So all together in Hood River, we logged 55.4 miles, totaling 125.6 miles for the entire trip so far!
I drove to Boise to meet up with Stacy on day 29, and spent day 30-32 in Boise with Stacy and Collin.
On July 3rd, day 33, Stacy and I put in on Marsh Creek, which feeds into the Middle Fork of the Salmon River. We had a great time logging 118 miles on that creek and the rest of the MFS during the next few days, taking out on July 6th.
On day 37 we drove to the North Fork of the Payette, running the top five miles on day 38. It took us 2 more days to run 2 miles of the middle 5 and all of the bottom five due to lots of scouting and one boat going down in a blaze of glory. (logging 12 miles)

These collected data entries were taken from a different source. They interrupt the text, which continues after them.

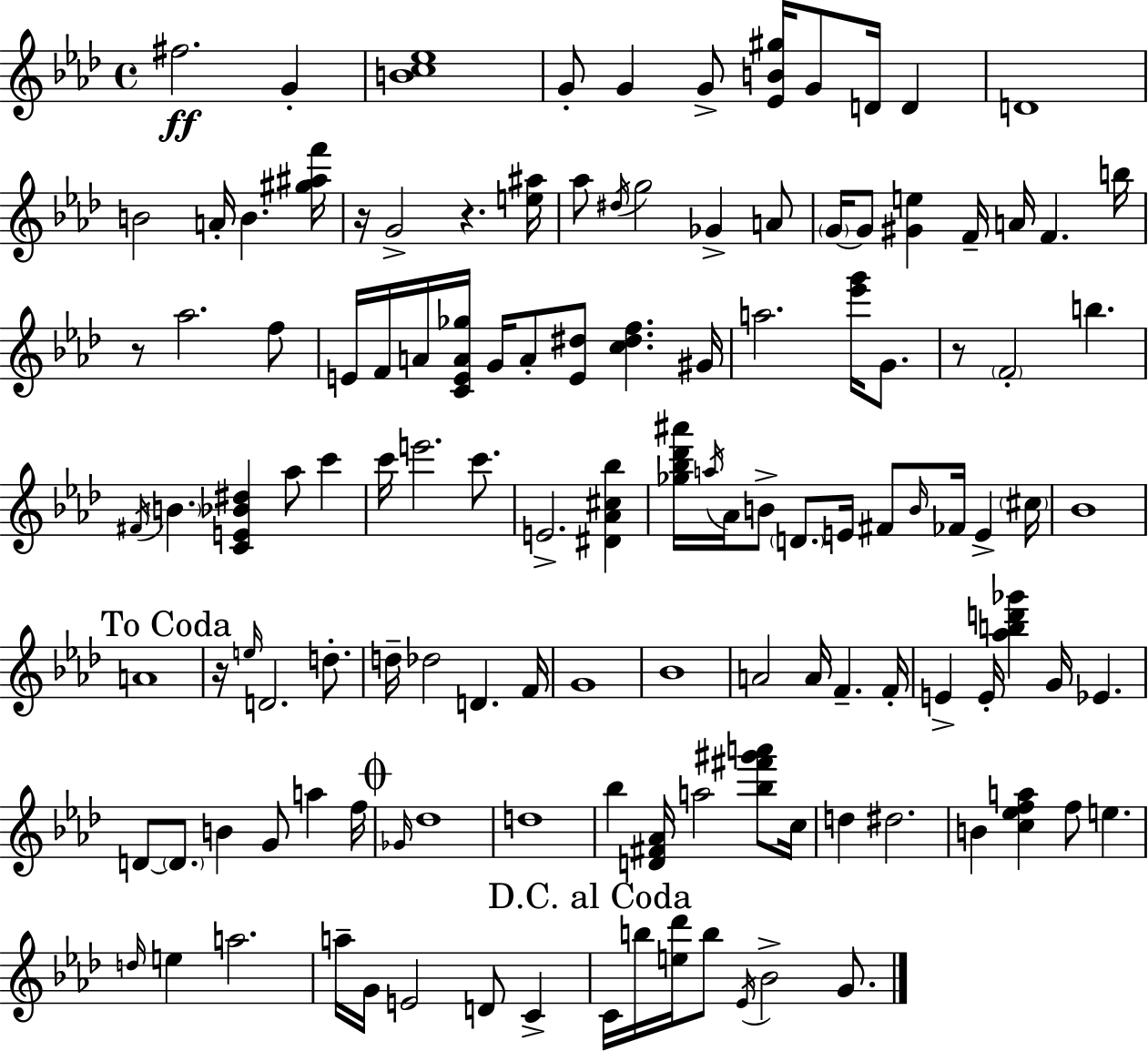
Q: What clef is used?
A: treble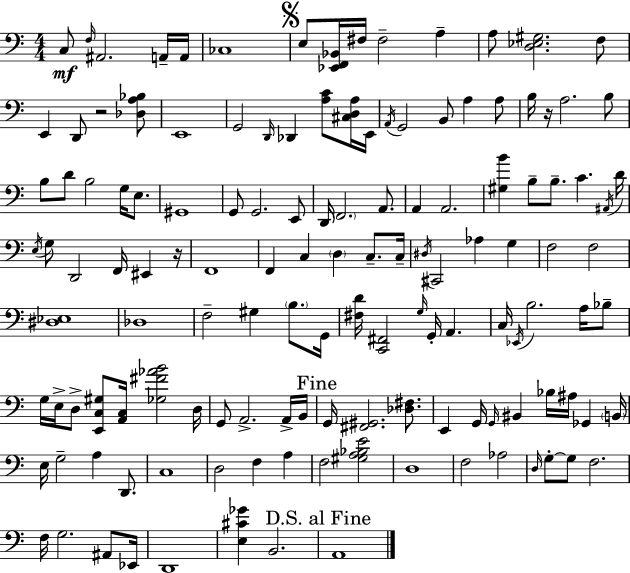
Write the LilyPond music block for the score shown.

{
  \clef bass
  \numericTimeSignature
  \time 4/4
  \key a \minor
  \repeat volta 2 { c8\mf \grace { f16 } ais,2. a,16-- | a,16 ces1 | \mark \markup { \musicglyph "scripts.segno" } e8 <ees, f, bes,>16 fis16 fis2-- a4-- | a8 <d ees gis>2. f8 | \break e,4 d,8 r2 <des a bes>8 | e,1 | g,2 \grace { d,16 } des,4 <a c'>8 | <cis d a>16 e,16 \acciaccatura { a,16 } g,2 b,8 a4 | \break a8 b16 r16 a2. | b8 b8 d'8 b2 g16 | e8. gis,1 | g,8 g,2. | \break e,8 d,16 \parenthesize f,2. | a,8. a,4 a,2. | <gis b'>4 b8-- b8.-- c'4. | \acciaccatura { ais,16 } d'16 \acciaccatura { e16 } g8 d,2 f,16 | \break eis,4 r16 f,1 | f,4 c4 \parenthesize d4 | c8.-- c16-- \acciaccatura { dis16 } cis,2 aes4 | g4 f2 f2 | \break <dis ees>1 | des1 | f2-- gis4 | \parenthesize b8. g,16 <fis d'>16 <c, fis,>2 \grace { g16 } | \break g,16-. a,4. c16 \acciaccatura { ees,16 } b2. | a16 bes8-- g16 e16-> d8-> <e, c gis>8 <a, c>16 <ges fis' aes' b'>2 | d16 g,8 a,2.-> | a,16-> b,16 \mark "Fine" g,16 <fis, gis,>2. | \break <des fis>8. e,4 g,16 \grace { g,16 } bis,4 | bes16 ais16 ges,4 \parenthesize b,16 e16 g2-- | a4 d,8. c1 | d2 | \break f4 a4 f2 | <gis a bes e'>2 d1 | f2 | aes2 \grace { d16 } g8-.~~ g8 f2. | \break f16 g2. | ais,8 ees,16 d,1 | <e cis' ges'>4 b,2. | \mark "D.S. al Fine" a,1 | \break } \bar "|."
}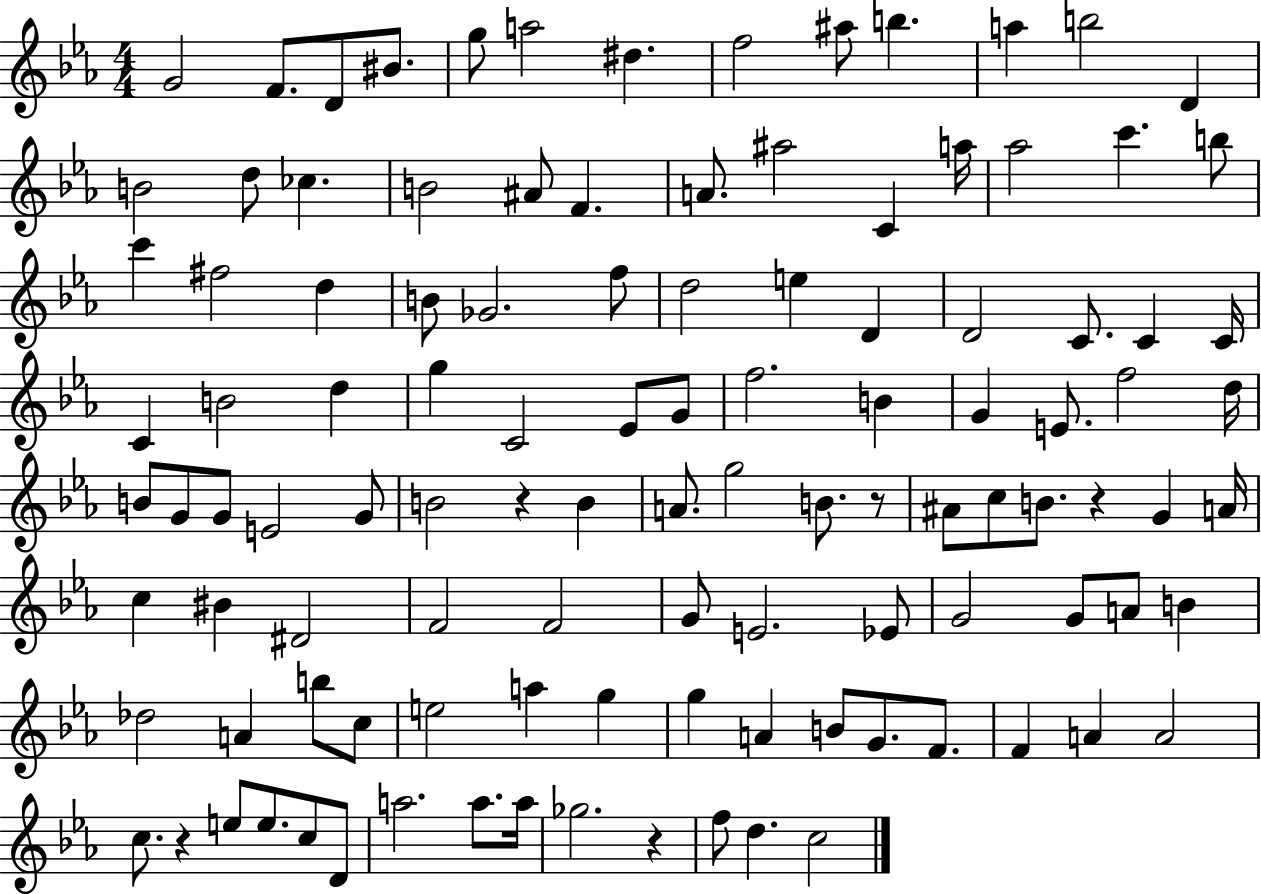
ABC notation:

X:1
T:Untitled
M:4/4
L:1/4
K:Eb
G2 F/2 D/2 ^B/2 g/2 a2 ^d f2 ^a/2 b a b2 D B2 d/2 _c B2 ^A/2 F A/2 ^a2 C a/4 _a2 c' b/2 c' ^f2 d B/2 _G2 f/2 d2 e D D2 C/2 C C/4 C B2 d g C2 _E/2 G/2 f2 B G E/2 f2 d/4 B/2 G/2 G/2 E2 G/2 B2 z B A/2 g2 B/2 z/2 ^A/2 c/2 B/2 z G A/4 c ^B ^D2 F2 F2 G/2 E2 _E/2 G2 G/2 A/2 B _d2 A b/2 c/2 e2 a g g A B/2 G/2 F/2 F A A2 c/2 z e/2 e/2 c/2 D/2 a2 a/2 a/4 _g2 z f/2 d c2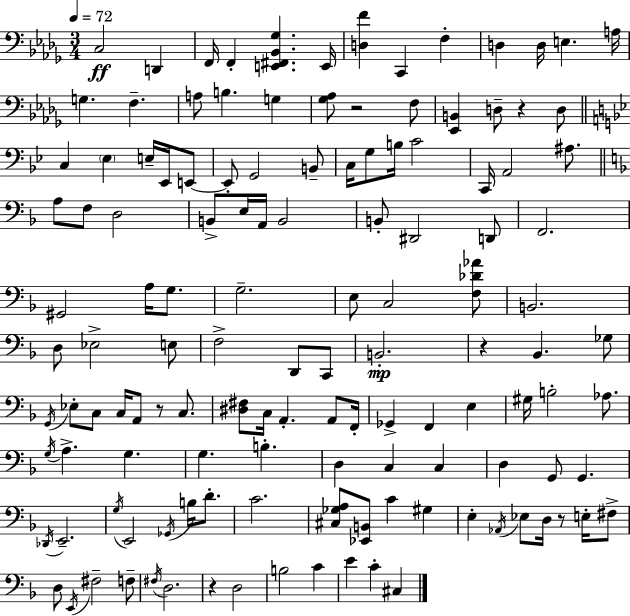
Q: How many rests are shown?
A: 6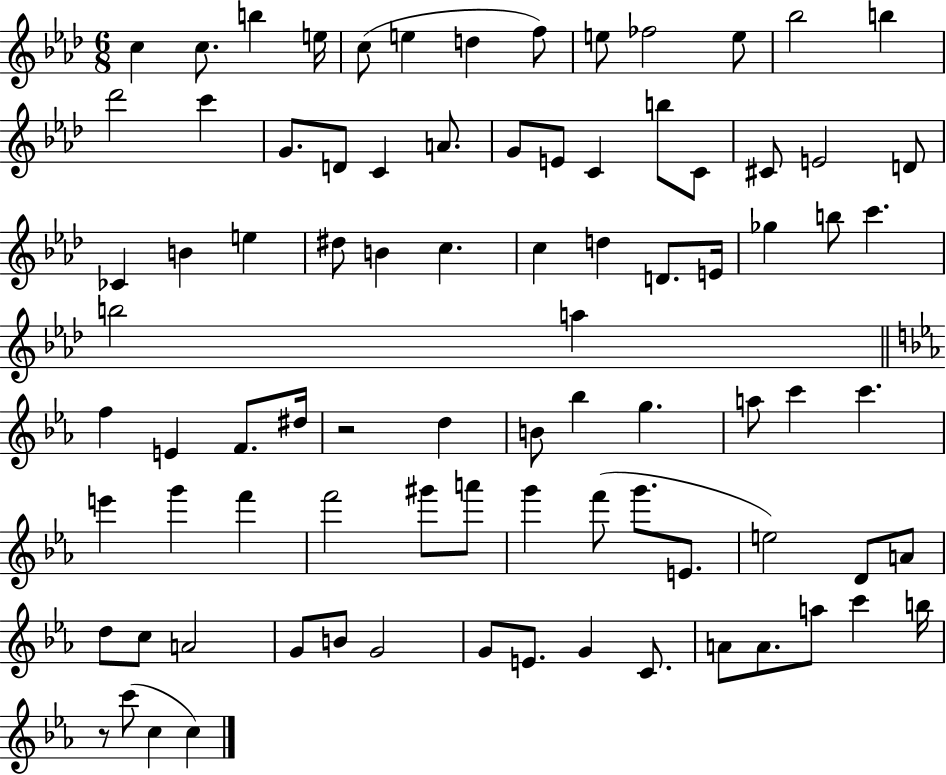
C5/q C5/e. B5/q E5/s C5/e E5/q D5/q F5/e E5/e FES5/h E5/e Bb5/h B5/q Db6/h C6/q G4/e. D4/e C4/q A4/e. G4/e E4/e C4/q B5/e C4/e C#4/e E4/h D4/e CES4/q B4/q E5/q D#5/e B4/q C5/q. C5/q D5/q D4/e. E4/s Gb5/q B5/e C6/q. B5/h A5/q F5/q E4/q F4/e. D#5/s R/h D5/q B4/e Bb5/q G5/q. A5/e C6/q C6/q. E6/q G6/q F6/q F6/h G#6/e A6/e G6/q F6/e G6/e. E4/e. E5/h D4/e A4/e D5/e C5/e A4/h G4/e B4/e G4/h G4/e E4/e. G4/q C4/e. A4/e A4/e. A5/e C6/q B5/s R/e C6/e C5/q C5/q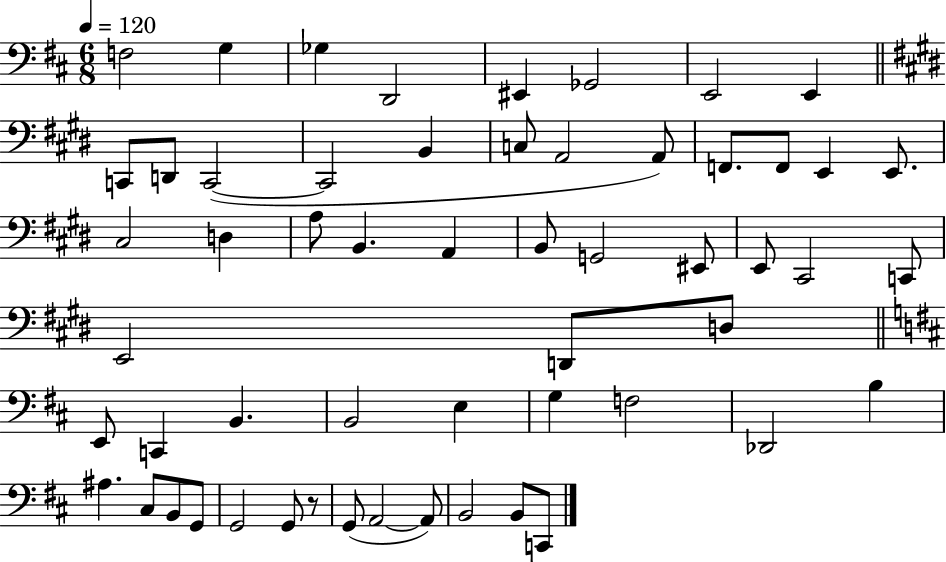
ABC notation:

X:1
T:Untitled
M:6/8
L:1/4
K:D
F,2 G, _G, D,,2 ^E,, _G,,2 E,,2 E,, C,,/2 D,,/2 C,,2 C,,2 B,, C,/2 A,,2 A,,/2 F,,/2 F,,/2 E,, E,,/2 ^C,2 D, A,/2 B,, A,, B,,/2 G,,2 ^E,,/2 E,,/2 ^C,,2 C,,/2 E,,2 D,,/2 D,/2 E,,/2 C,, B,, B,,2 E, G, F,2 _D,,2 B, ^A, ^C,/2 B,,/2 G,,/2 G,,2 G,,/2 z/2 G,,/2 A,,2 A,,/2 B,,2 B,,/2 C,,/2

On day 41, we paddled the entire South Fork of the Payette from around mile marker 30 to the confluence with the North Fork. The river winds away from the road, and after looking at the information on AW's website, I believe we paddled about 35 miles.
Therefore in Idaho, we totaled 165 miles. Bringing us up to a total of 290.6 miles! Stacy and I then decided to head back to Colorado to finish the Boof against the Odds Challenge there.
Back in Colorado!
Stacy and I had the opportunity to paddle with the wonderful people from Pike's Peak Whitewater Club on day 45, after spending some Q-T with my nephews. We paddled the Arkansas from Pinnacle Rock through the Royal Gorge to get a total of about 19 miles.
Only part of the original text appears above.